Terkait sistem jaminan sosial nasional (SJSN), Ketua Pengurus Besar Nahdatul Ulama Said Aqil Siradj mengatakan, NU mendukung sepenuhnya pelaksanaan pembangunan nasional dibidang kesehatan melalui sistem kesehatan nasional yang mampu menjamin pencapaian amanah UUD dan UU.
NU juga mendukung penuh, pelaksanaan SJSN yang bertanggungjawab sesuai prinsip-prinsip pemerintah yang bersih dan tata kelola pemerintahan yang baik.
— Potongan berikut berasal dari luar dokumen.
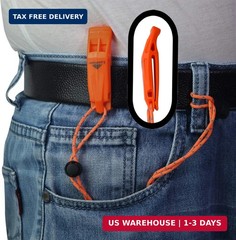 LuxoGear Emergency Whistles with Lanyard Safety Whistle Survival Shrill Loud Bla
Terkait hal itu NU akan melakukan pengawasan secara intensif dan komprehensif pelaksanaan BPJS kesehatan serta membantu melakukan sosialisasi melalui jaringan organisasi ditingkat desa sampai ke masyarakat.
Said Aqil mengatakan, NU juga akan memberikan kritik konstruktif dan masukan kepada pemerintah dalam membuat dan melaksanakan regulasi atas masalah-masalah yang timbul dalam proses pelaksanaan BPJS bidang kesehatan.
NU juga menyampaikan sejumlah rekomendasi terkait SJSN diantaranya perlunya upaya lebih serius bagi percepatan pemberdayaan masyarakat melalui regulasi sehingga mampu mempercepat peningkatan kapasitas kelembagaan kesehatan pemerintah dan masyarakat sesuai potensi dan tantangan pembangunan kesehatan di perdesaan.
Untuk mengurangi ketidaktepatan sasaran peserta Jamkesmas (sejak 2014 menjadi penerima bantuan iuran (PBI), maka penetapan penduduk miskin dan tidak mampu peserta sebaiknya melibatkan peran aktif masyarakat serta ditetapkan pemerintah kabupaten (bukan pemerintah pusat).
Pemerintah pusat hanya berperan dalam menetapkan kuota alokasi per kabupaten berikut kriteria untuk menetapkan penduduk miskin dan tidak mampu peserta PBI, jelas Said Aqil yang juga turut serta memberikan pembekalan kepada relawan pembangunan perdesaan sehat.